El brasileño Fernando Meirelles adapta La Ronda, una pieza teatral de Arthur Schnitzler que ya había llevado al cine el director alemán Max Ophüls. En su momento, Schnitzler escandalizó con una obra bastante explícita que criticaba la doble moral de la sociedad vienesa y apoyaba, de paso, algunas tesis de Sigmund Freud, que a base de acentuar la importancia de la sexualidad terminaba reduciendo al hombre a la pura libido.
Hay que reconocer que, en una sociedad hipersexualizada como la de hoy, la cinta tiene su interés. Los personajes de 360 se pasean de una historia a otra envueltos en relaciones epidérmicas, llevados por la pasión o el capricho y destrozando vidas –la suya y la de los otros– sin ni siquiera ser muy conscientes, porque después de una aventura viene otra y no hay tiempo de mirar los cadáveres que uno deja a su paso ni de constatar que el cadáver puede ser uno mismo.
Meirelles rueda bien, el reparto –en el que alternan actores muy conocidos (en las historias más breves) con otros noveles– resulta convincente, y el tema es interesante. ¿Qué falla? Sorprendentemente, el guion. Sorpresa porque firma el libreto Peter Morgan, autor de guiones tan solventes como los de The Queen o Frost contra Nixon. Aquí, sin embargo, Morgan deja la historia en tierra de nadie. Lo que cuenta 360 –con jóvenes que se prostituyen no por necesidad sino por mejorar su tren de vida, o adictos al sexo que tratan de superar su problema en una sociedad que les reclama continuamente, o matrimonios encerrados en una mentira– es tristísimo pero está contado con tanta superficialidad y falta de nitidez moral que resulta tan epidérmico como alguna de las relaciones que cuenta la película.

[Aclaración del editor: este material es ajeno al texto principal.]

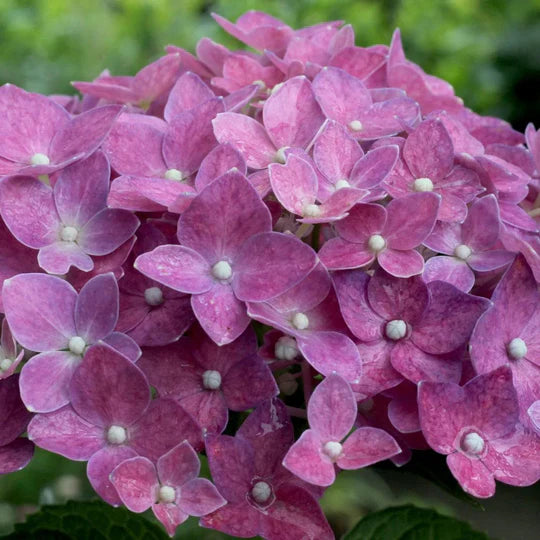 Purple Hydrangea Flower Seeds for Planting – Heirloom, Non-GMO, High Germination Organic Garden Seeds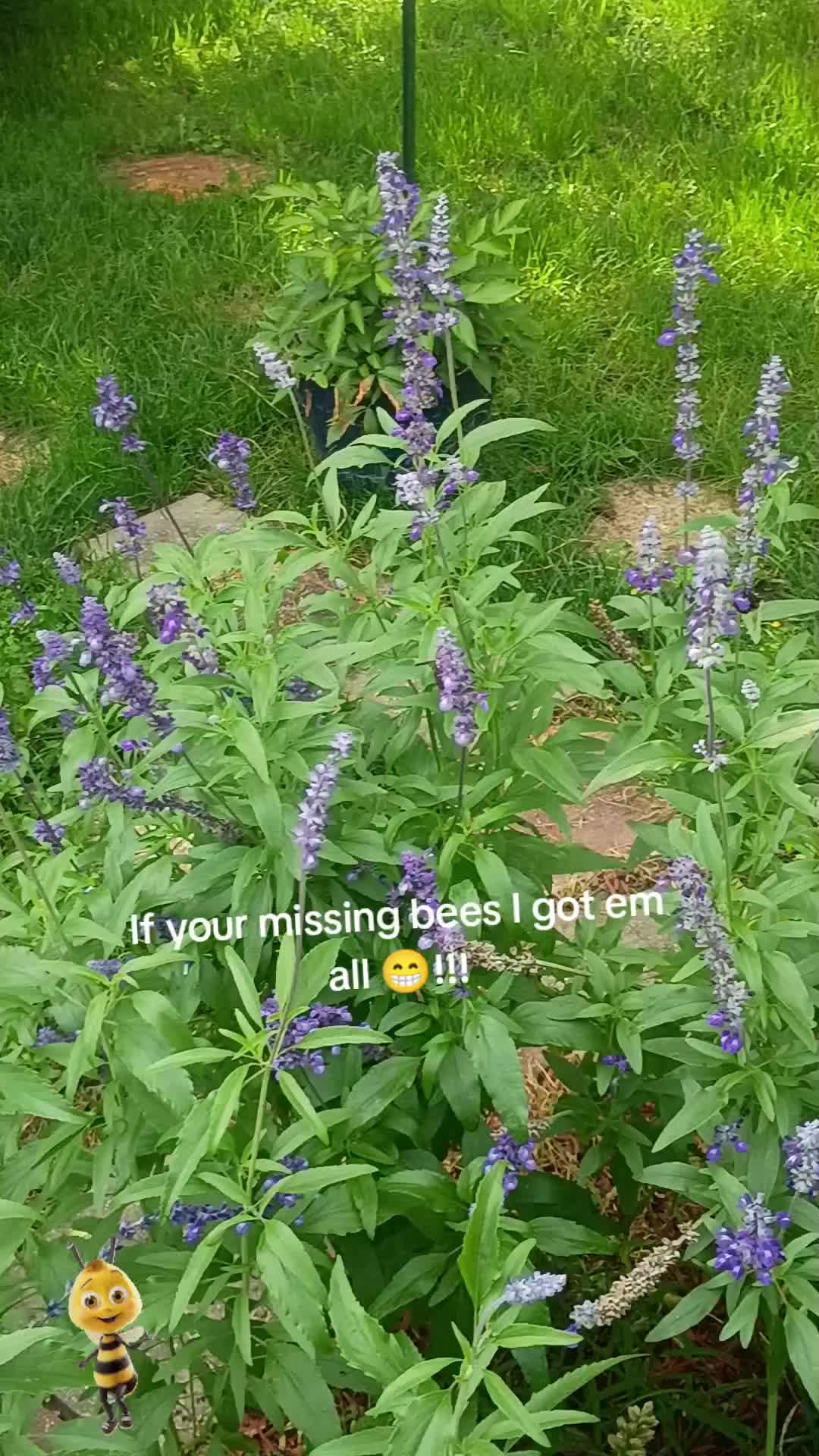 @O.G.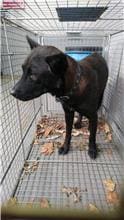 Photo of No. AAAHG1090901001, Adult · Female · Medium · Mixed breed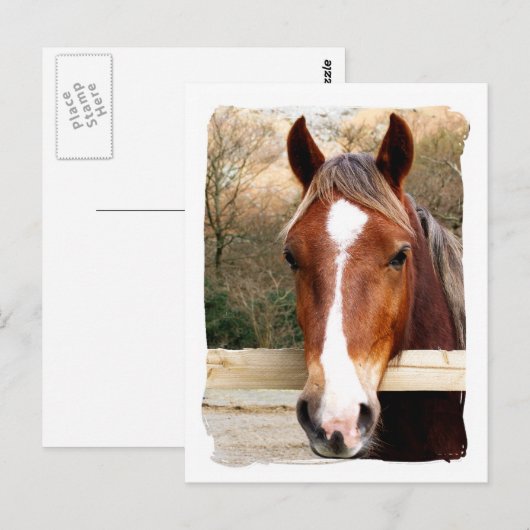 PFERDE POSTKARTE (Vorne/Hinten)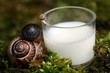 Photo: Milch macht schlau Milch macht schlau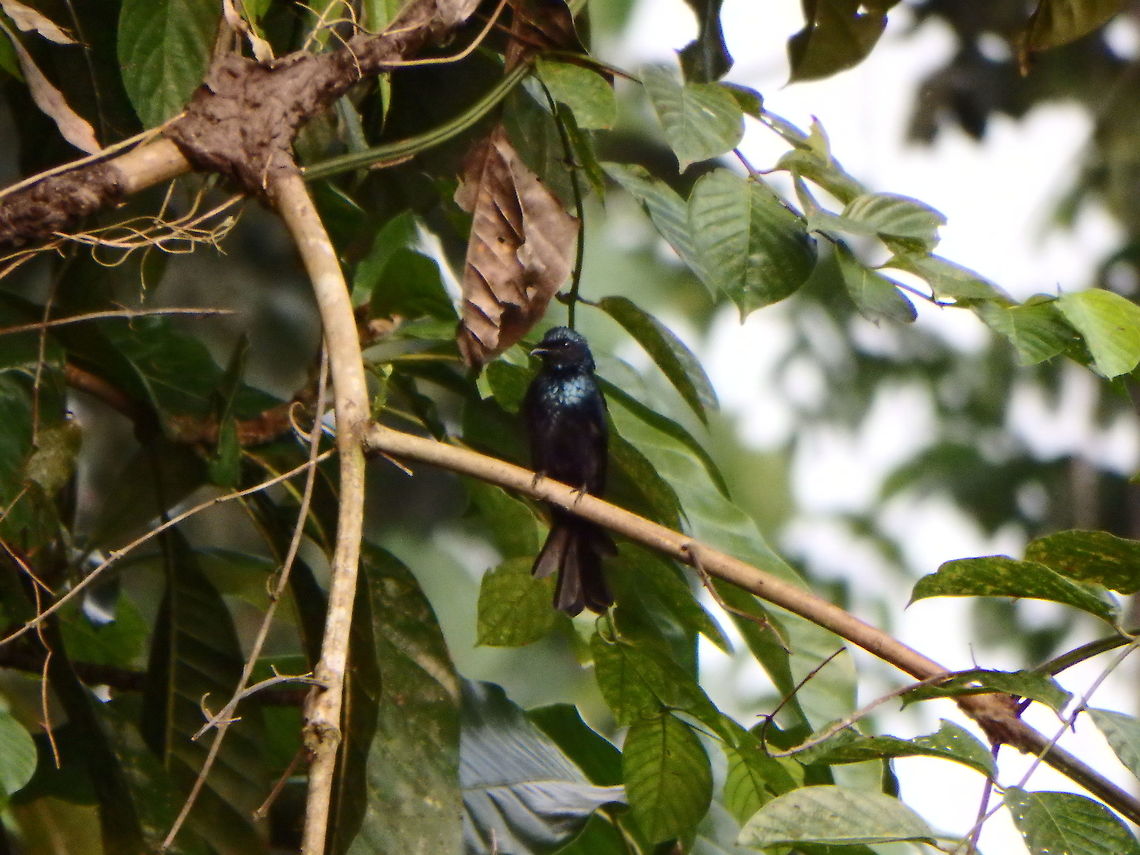 Bronzed Drogon Tabin, Sabah (2015).<br />
This drongo has metallic gloss feathers with a spangled appearance on the head, neck and breast. The lores are velvety and the ear coverts are duller. The tail is slender and well forked with the outer tail feathers flaring outward slightly.  Bronzed drongo,Dicrurus aeneus,Geotagged,Malaysia,Summer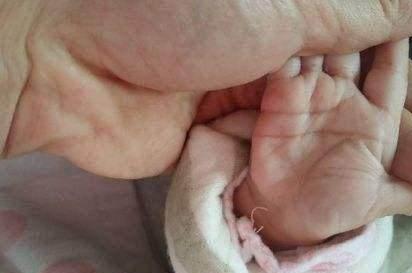 预示少年运势好的手相,什么样的手相有读书运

El tándem Morgan-Meirelles parece no querer forzar la mano, y su denuncia se queda en una tibia nebulosa que, quizás por no caer en el moralismo, acaba cayendo en la simplonería: “esta es la vida y tampoco vamos a pedir peras al olmo”. Para entendernos, ni guionista ni director se atreven a hacer lo que –en la excesiva, incómoda y brutal Shame– sí se atrevió a hacer Steve McQueen: “señores, a esto es lo que lleva nuestra moderna desinhibición”.
Se entiende que la película –a pesar del renombre de sus créditos– haya tardado dos años en estrenarse. Es una cinta prescindible, que podría haber dicho mucho y no dice casi nada. Una película a la que además se le puede criticar que el tono contenido –dentro de lo escabroso del argumento– de las tres cuartas partes de la cinta, se tire por la borda con una escena final más propia de una pornocomedia de Jude Apatow.